MAS2008 Scientific Computing: Lab 8
Data analysis and curve fitting with Pandas


The following notebooks and videos are relevant for this lab:
Favourite colours View Download
Mauna Loa carbon dioxide concentration View Download
Peak District hills View Download

To try the above notebooks yourself, you will need to download the following data files:
favourite_colours.csv co2_daily_mlo.txt peak_district_hills.csv

There is also an interactive demonstration explaining pandas selection methods.

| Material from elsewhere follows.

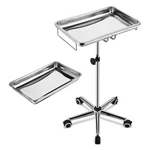 Xcceries Mayo Stand Stainless Steel 2X Trays With Wheel Adjustable For Medical. Fixed Price $156.90.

Task 1: The Periodic Table

Download the file elements.csv and load it into a pandas DataFrame. There are online test question corresponding to some of the subtasks below.

Task 2: Whitby tides

Download the file whitby_tides.txt, which contains a record of the tide levels at Whitby (in North Yorkshire) every 15 minutes in 2023. We will want to convert this dataset into a pandas DataFrame, but this will require some auxiliary steps. If the above file has been saved in the same folder as this notebook, we can read all the lines in the file as follows:

    with open(f'whitby_tides.txt') as f:
      lines = f.readlines()
The first few lines of the file are headers, which you should ignore. The remaining lines are like this:

    10) 2023/01/01 02:15:00     3.681      0.391  
    11) 2023/01/01 02:30:00     3.498      0.388  
    12) 2023/01/01 02:45:00     3.323M     0.389M 
    13) 2023/01/01 03:00:00     3.154M     0.390M 
For each line, you should extract the time and the tide level. You can either use line.split() or slices like line[10:25] to get parts of the string. You should represent the time as the number of hours since the start of the year. Given a suitable string s, the function pd.Timestamp(s).timestamp() will give you the number of seconds since the start of 1970, and you can work from there. The tide level is the first number after the time. Some of the tide levels are followed by an M, which you should ignore. If the tide level is given as -99, that means that the data is missing, so you should skip that line. You should also skip any lines that are empty. It will probably be simplest to start by creating a list, but when the list is complete you should convert it into a pandas dataframe with columns time and level.

Now plot the tide levels against time. If you do this for the whole dataset then the plot will be very crowded, so you should experiment with plotting a few days or weeks at a time. The time will be given in hours, but you could add vertical dotted lines every 24 hours to make the daily variation easier to see.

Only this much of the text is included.